I will admit that it was this single quote – among all the other insightful comments Ian posts to his page –  that attracted me to interview this particular artist who I have the pleasure of working alongside during my current MA at Chelsea College of Arts. I guess in stumbling across the aforementioned comment late one night on Facebook in another fit of procrastination as I come to the end of my Masters, I suppose I was struck by the eloquence and thoughtfulness of his commentary. This is not to say that I didn’t hold him in already high esteem, Ian being someone I admire as a proactive and passionate artist, but that – rather ashamedly – the comment was a bit high brow for the likes of Facebook, having garnered an impressive number of likes, admiration and reciprocal commentary. In the ever-evolving conversation surrounding diversity, decolonisation, race and gender in the larger discussion of identity politics that we are all immersed within, I can confess that I found myself not quite understanding what his comment meant. Post-black? What was that I asked myself. Post-identity. The prefix of ‘post-’ always being something that has sent shivers down my spine, especially when employed in a art context, was I post-black? As such I begin, quite obsessively, to backtrack as far back as Facebook will allow me on Ian’s timeline – I justify this in my mind by saying that obsessively scrolling through his timeline for the next 30 minutes is OK because we are actually friends on facebook so it not really the same level of stalking. Thus I muster up the courage to send Ian a message.
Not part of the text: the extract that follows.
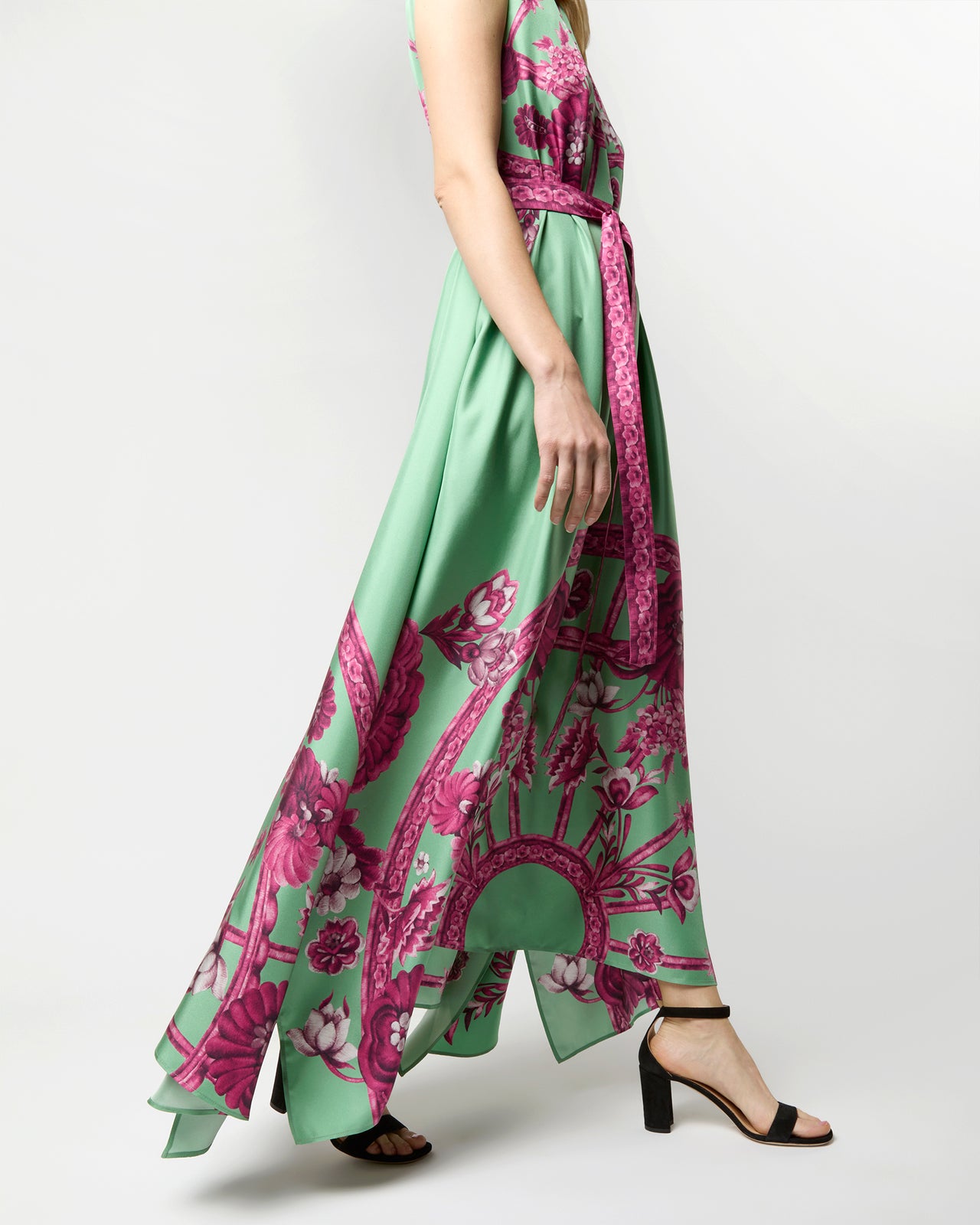 San Carlo Dress in Aquamarine Zodiac Placée Silk Twill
What is is to be ‘post-Black’?

 

What is is to be ‘post-identity’?

Does this bare any relationship to the concept of ‘post-radicalism’ that I have only begun to explore in more detail this year? And of course all of these burning questions spilled out into my haphazard attempt at proposing this interview; his response, a cooly worded ‘of course’ hits my inbox the next day. My personal reading of identifying as post-black is to (re-)consider black identity in the 21st century. An act ofdistancing the self from the fundamentals of blackness itself, therefore redefining the complex notions contained within it, pertaining to and juxtaposed against societal definitions within this current millenia. However, it become strikingly clear that any attempt to define it more than likely results in the merging of definitions to find an identity imposed by the wider culture, whilst fundamentally at odds with the definitionary authenticity of blackness* I of course do the necessary prep; my first port of call his website where I learn of his interests in macro-societal dynamics and themes of identity; through his investigation of simultaneous exclusion and empowerment contained within our sense of individuality – primary to minority groups – the  misappropriation and compartmentalisation of identity through institutionalised conventions and paradigms of didactic cultural “norms” becomes a wider focus within Ian’s oeuvre. In his ongoing inquiry into his own identity within spheres typically limited to western aesthetics – manifesting within architecture and design – his exploration of this concept through materiality, utilising fabric to build abstract structures reflects his line of critical questioning.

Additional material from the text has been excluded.